[Collected data entries]
══════════════════════════════
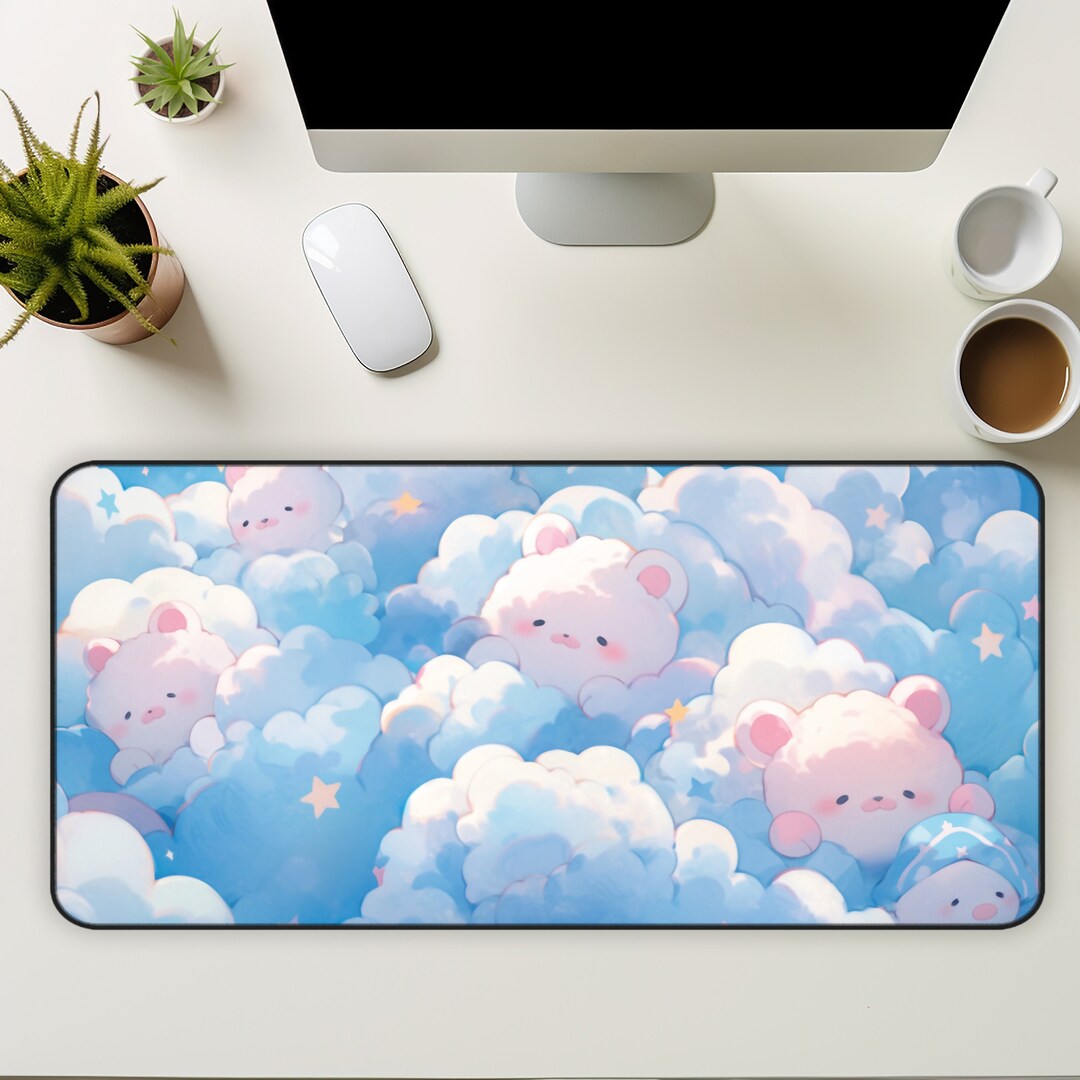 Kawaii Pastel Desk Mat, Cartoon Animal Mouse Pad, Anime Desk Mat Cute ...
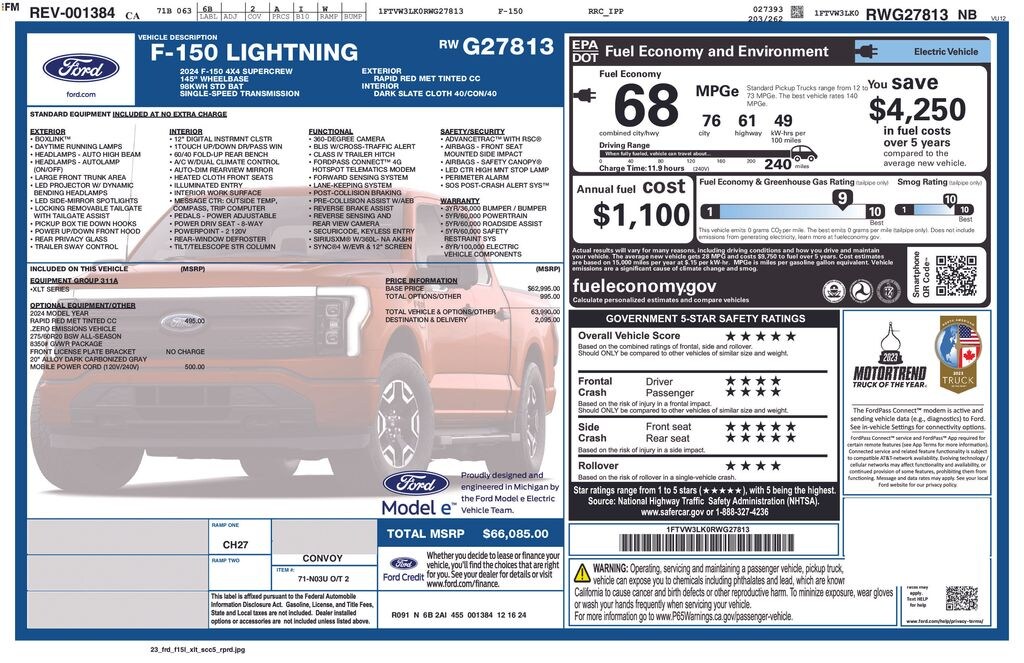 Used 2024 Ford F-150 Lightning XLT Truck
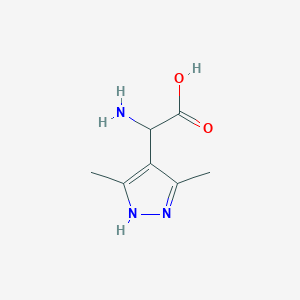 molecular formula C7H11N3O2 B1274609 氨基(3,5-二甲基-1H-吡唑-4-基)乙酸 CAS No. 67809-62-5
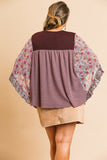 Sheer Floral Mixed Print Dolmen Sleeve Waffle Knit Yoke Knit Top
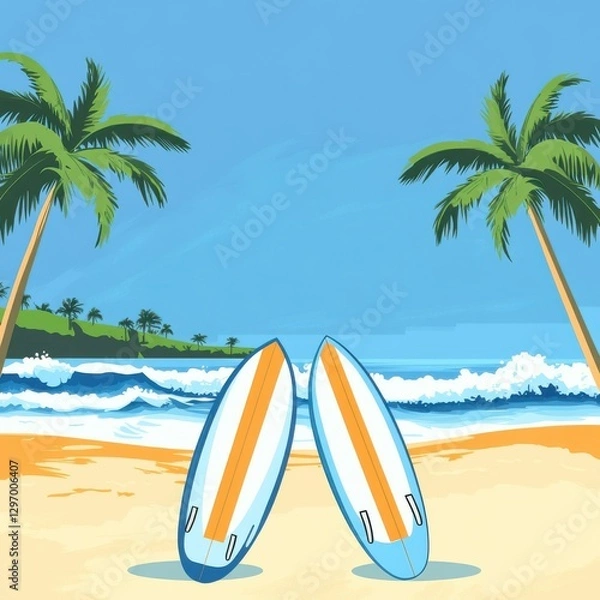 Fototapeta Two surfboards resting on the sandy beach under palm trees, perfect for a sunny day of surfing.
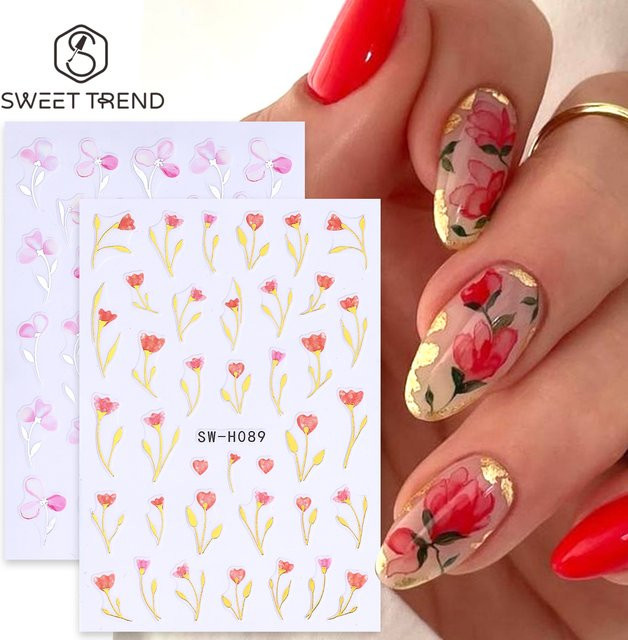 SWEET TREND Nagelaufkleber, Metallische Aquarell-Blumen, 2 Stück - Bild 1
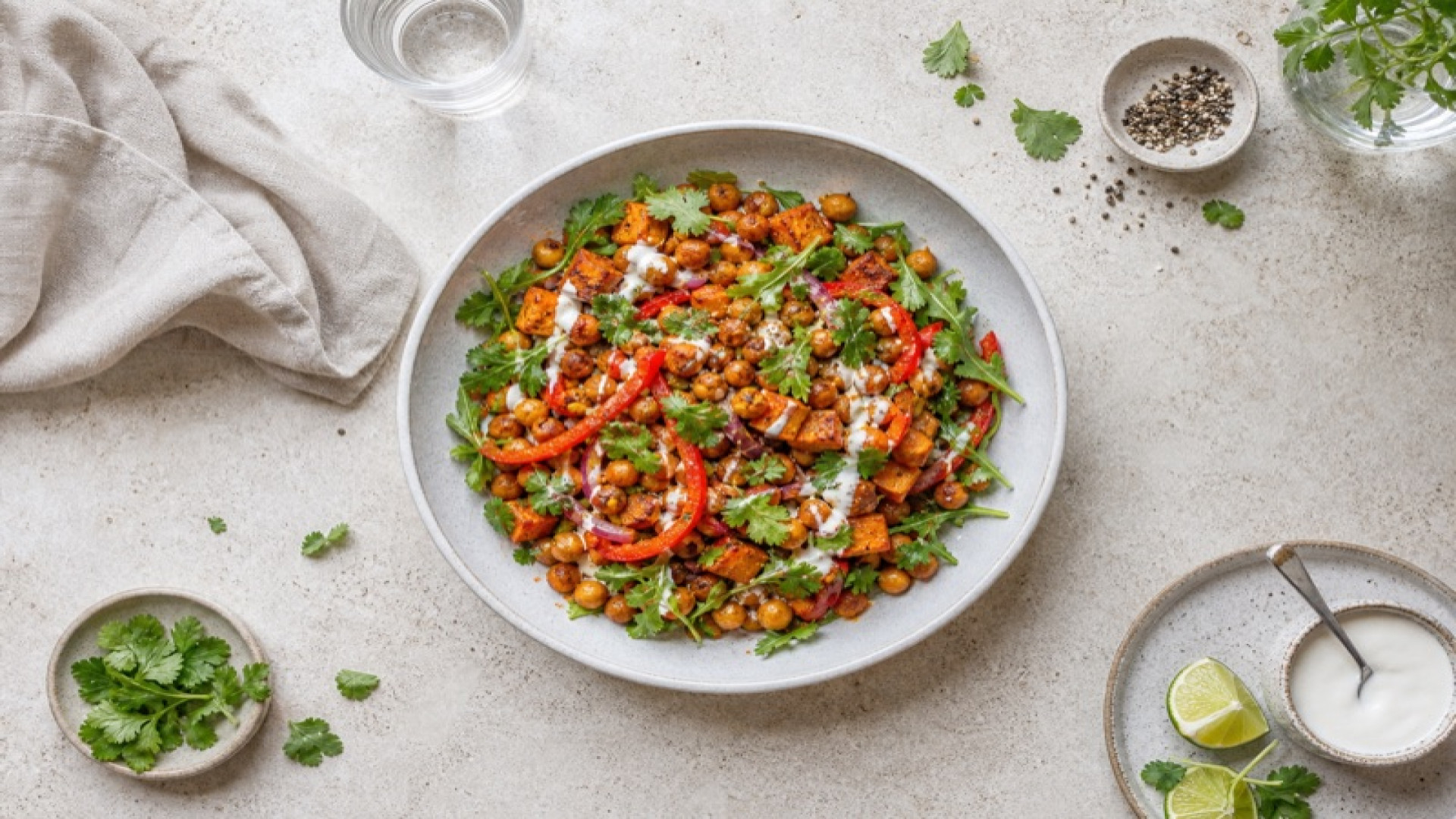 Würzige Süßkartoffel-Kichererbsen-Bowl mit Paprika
══════════════════════════════
EXERCISE BRIEF:
Please leave out the pictures as you reproduce the lines exactly, from the first line of the entries through the line containing "Fototapeta Two surfboards".

RESULT FOR THIS EXERCISE:
 Kawaii Pastel Desk Mat, Cartoon Animal Mouse Pad, Anime Desk Mat Cute ...
 Used 2024 Ford F-150 Lightning XLT Truck
 molecular formula C7H11N3O2 B1274609 氨基(3,5-二甲基-1H-吡唑-4-基)乙酸 CAS No. 67809-62-5
 Sheer Floral Mixed Print Dolmen Sleeve Waffle Knit Yoke Knit Top
 Fototapeta Two surfboards resting on the sandy beach under palm trees, perfect for a sunny day of surfing.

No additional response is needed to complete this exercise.